The Karnataka high court on Saturday ruled that Franklin Templeton cannot implement its decision to wind-up six debt schemes unless it gets the consent of unit holders by a simple majority.
Franklin Templeton MF had shut six debt mutual fund schemes on April 23, citing redemption pressures and lack of liquidity in the bond market.
A division bench on Saturday ruled that while it will not interfere in the decision taken by the trustees on April 23, consent by its unit holders will be required.
“We hold and declare that the decision of the trustees (Franklin Templeton Trustee Services Pvt Ltd) to wind up the six schemes... by taking recourse to sub-clause (a) of clause (2) of Regulation 39 of the mutual funds regulations cannot be implemented unless the consent of the unit-holders is obtained in accordance with sub-clause (c) of clause (15) of Regulation 18,’’ the bench said.
Under Sebi’s mutual fund regulations, trustees should obtain consent of the unit holders to wind up or prematurely redeem the units.
In a 336-page order, Chief Justice Abhay S Oka and Justice Ashok S Kinagi also directed the Securities and Exchange Board of India (Sebi) to examine the report submitted by the forensic auditor and take a decision on further action.
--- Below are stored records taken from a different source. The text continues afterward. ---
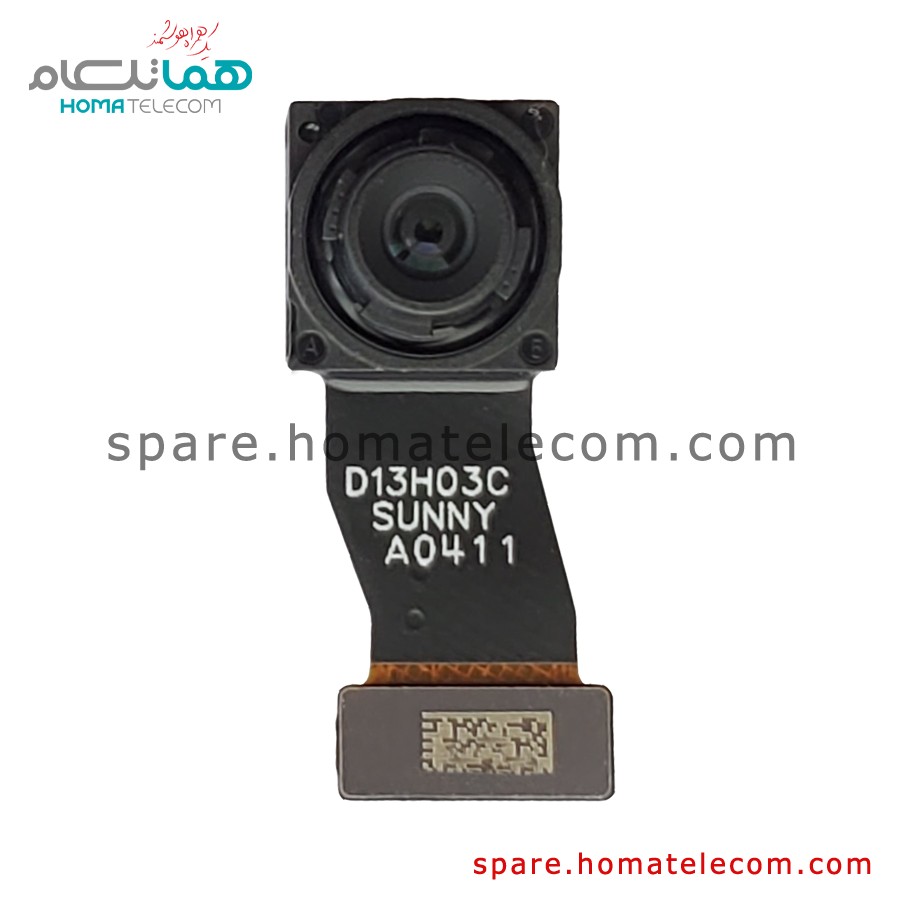 Main Camera 13 MP Ultrawide – Poco X3 NFC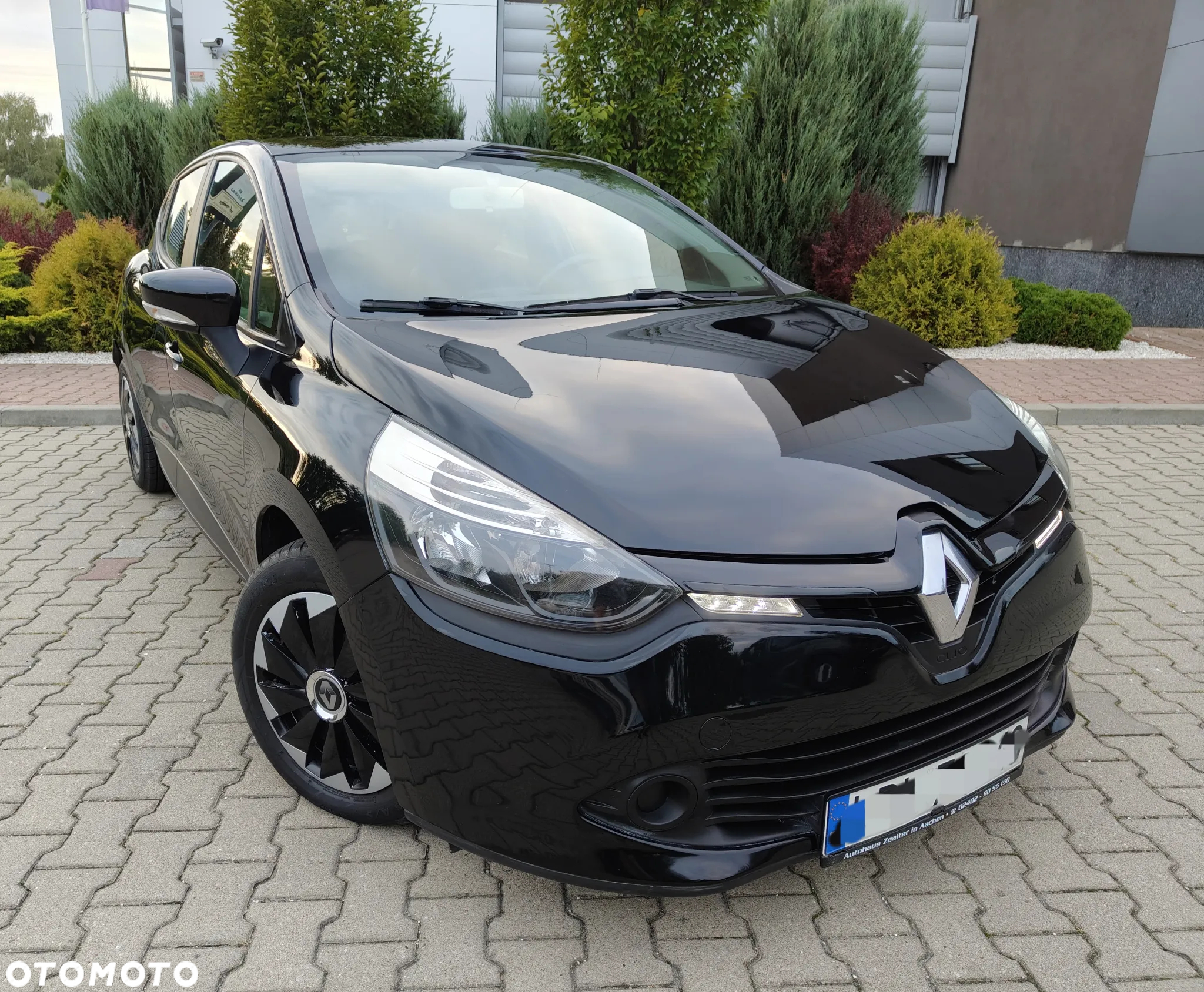 Renault Clio 1.2 16V 75 GPS - 16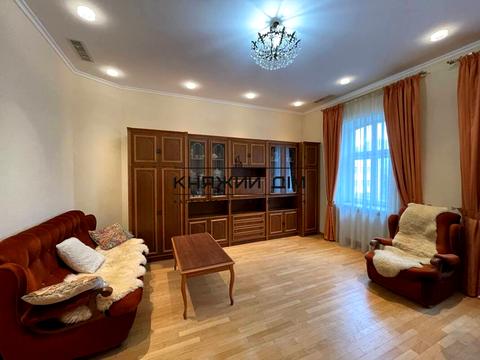 квартира за адресою Генерала Генадія Воробйова вул. (Курська), 3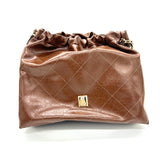 Vizzano 10080-1 Shoulder Bag in Chocolate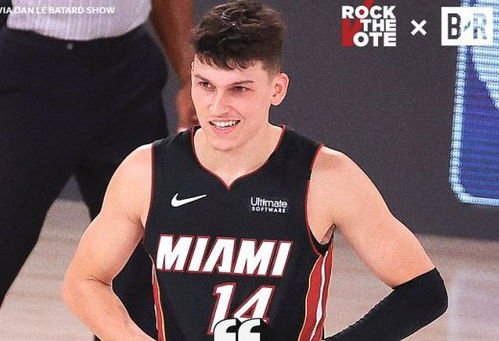 nba球员泰勒·希罗出生于哪一年？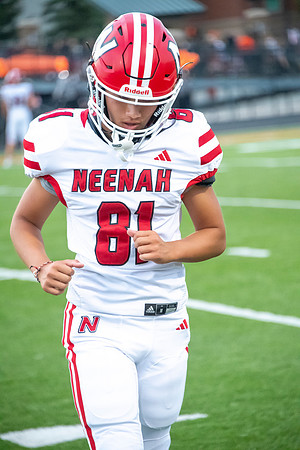 Neenah vs Kaukauna 0330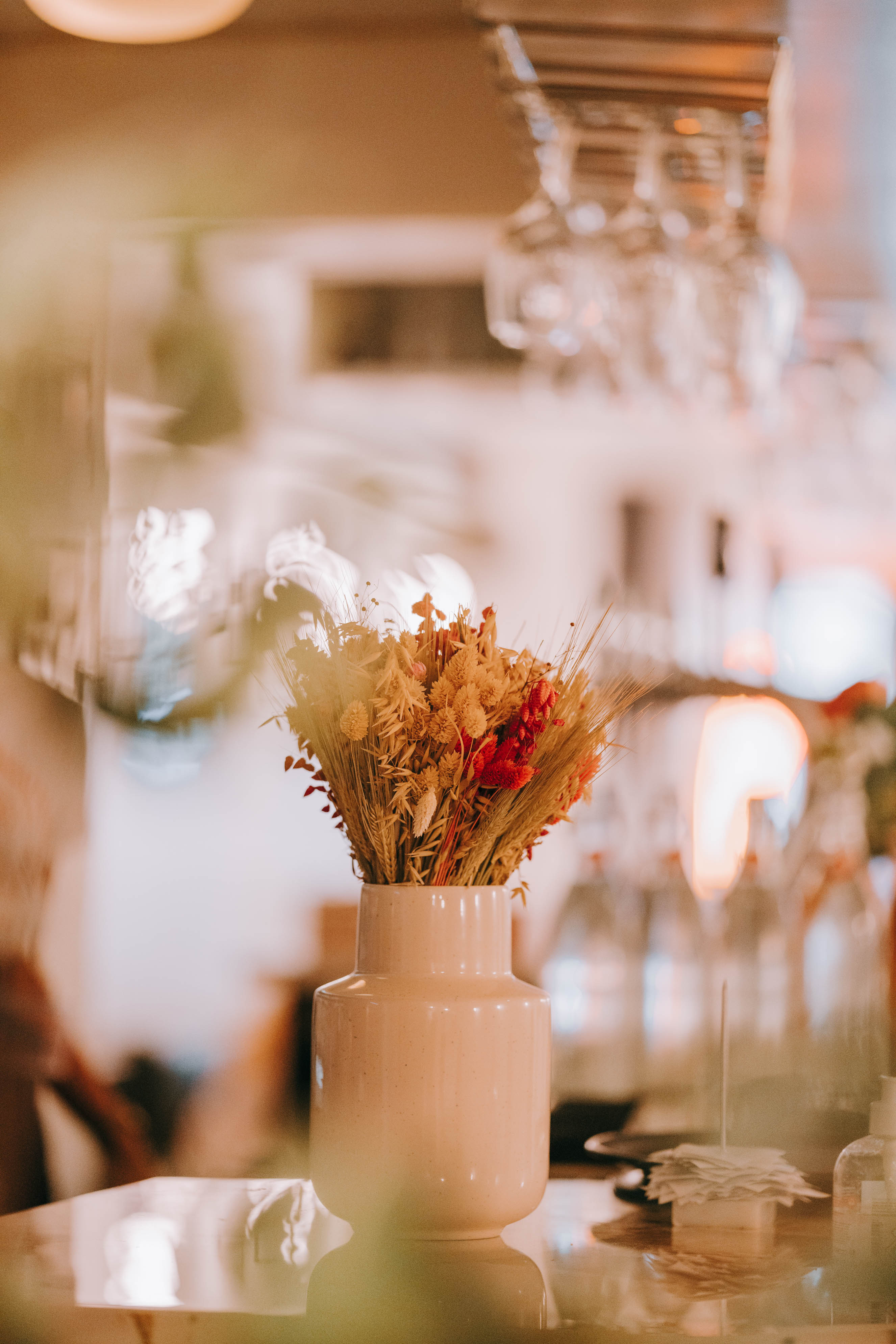 Mono - Restaurant - Pizza Napolitaine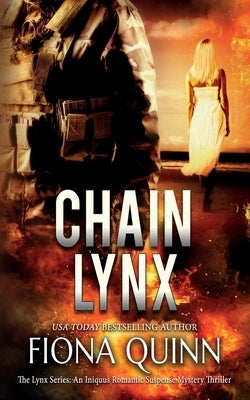 Chain Lynx by Quinn, Fiona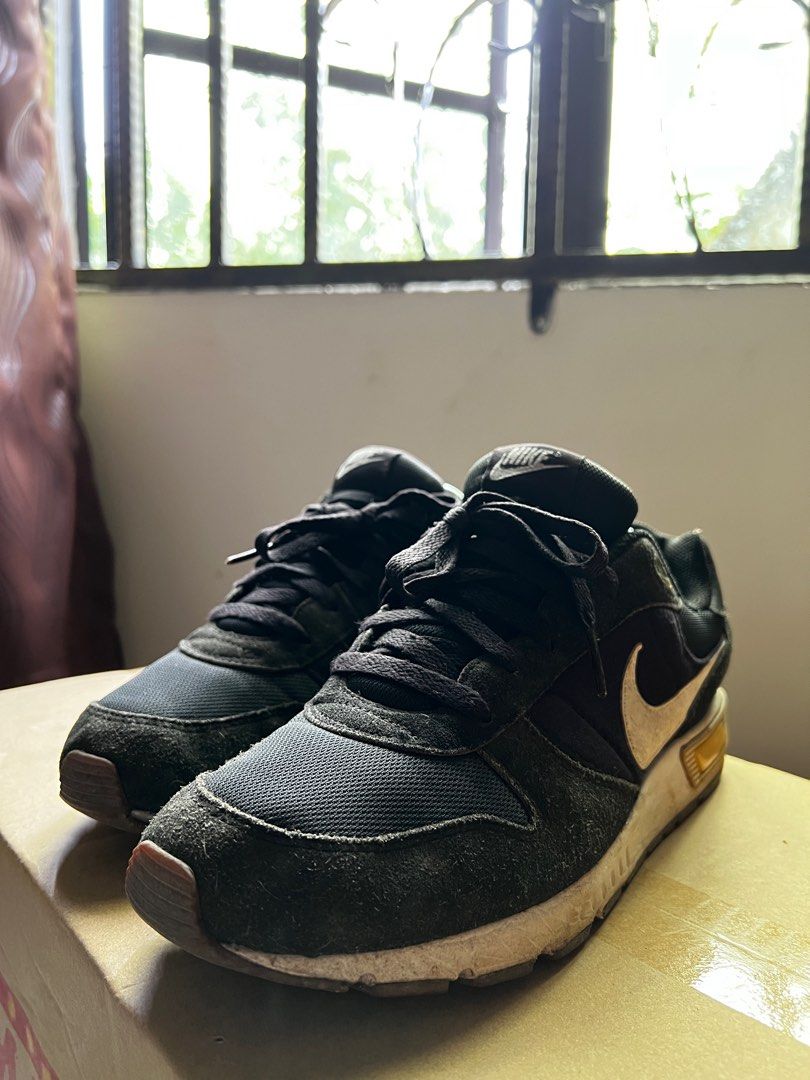 Nike Nightgazer 8uk Men s Fashion Footwear Sneakers on Carousell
This decision shall be taken within six weeks from the date of the receipt of the forensic audit report.
The market regulator had earlier appointed Chokshi & Chokshi to conduct a forensic audit on the six schemes.
The Karnataka high court also pulled up the market regulator. “Sebi should have been prompt and proactive especially when this is perhaps the first case of winding up under Regulation 39(2)(a).
“As a watchdog, Sebi was expected to play a very proactive role ... The investors/unit-holders of the said schemes will be justified in their criticism that Sebi was a silent spectator,’’ the bench said.
Janak Dwarkadas, the counsel representing the AMC and trustees, prayed for a stay on the operation of the judgment so as to appeal the order.
“Considering the nature of issues involved, we deem it appropriate to stay the operation of the final judgment and order for a period of six weeks from today subject to the condition that none of the respondents will take any steps to implement or to act upon the impugned notices dated April 23 2020 and May 20 2020.”
During these six weeks, there will not be any redemptions or borrowings for the six schemes.